Input data:
□ □ □ □ □
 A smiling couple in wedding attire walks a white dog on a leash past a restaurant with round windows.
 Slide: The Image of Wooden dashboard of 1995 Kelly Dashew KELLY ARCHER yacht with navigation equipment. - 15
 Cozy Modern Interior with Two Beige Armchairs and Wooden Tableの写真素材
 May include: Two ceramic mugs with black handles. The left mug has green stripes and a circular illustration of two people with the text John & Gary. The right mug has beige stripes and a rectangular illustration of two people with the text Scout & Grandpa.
□ □ □ □ □
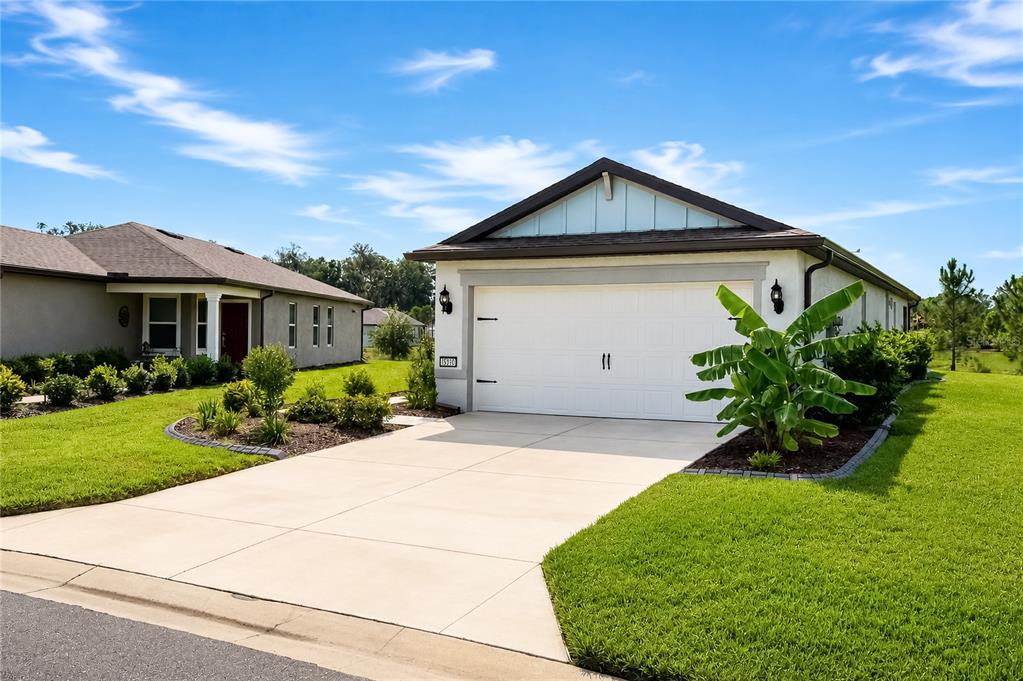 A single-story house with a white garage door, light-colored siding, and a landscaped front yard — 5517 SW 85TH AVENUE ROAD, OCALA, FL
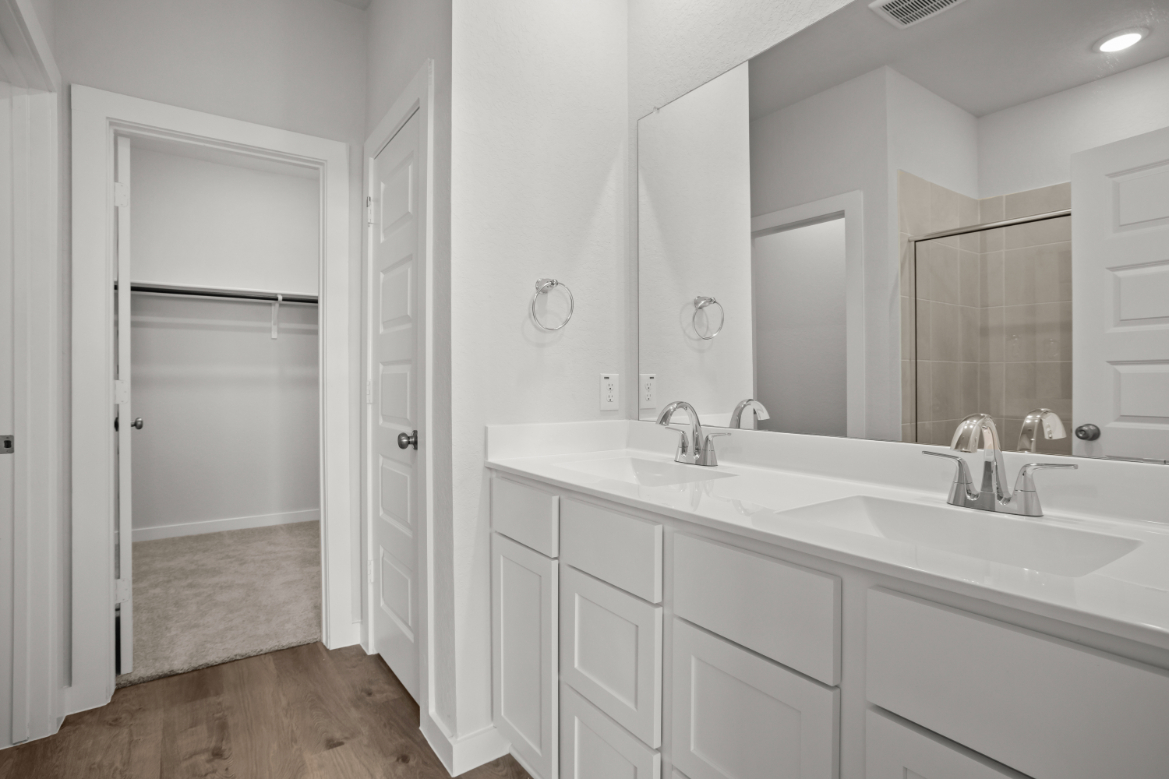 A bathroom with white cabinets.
□ □ □ □ □
Activity: Set down, exactly as they stand above, the lines starting with the line with "Slide: The Image" and going on through the line with "May include: Two", and no others.

Task result:
 Slide: The Image of Wooden dashboard of 1995 Kelly Dashew KELLY ARCHER yacht with navigation equipment. - 15
 Cozy Modern Interior with Two Beige Armchairs and Wooden Tableの写真素材
 May include: Two ceramic mugs with black handles. The left mug has green stripes and a circular illustration of two people with the text John & Gary. The right mug has beige stripes and a rectangular illustration of two people with the text Scout & Grandpa.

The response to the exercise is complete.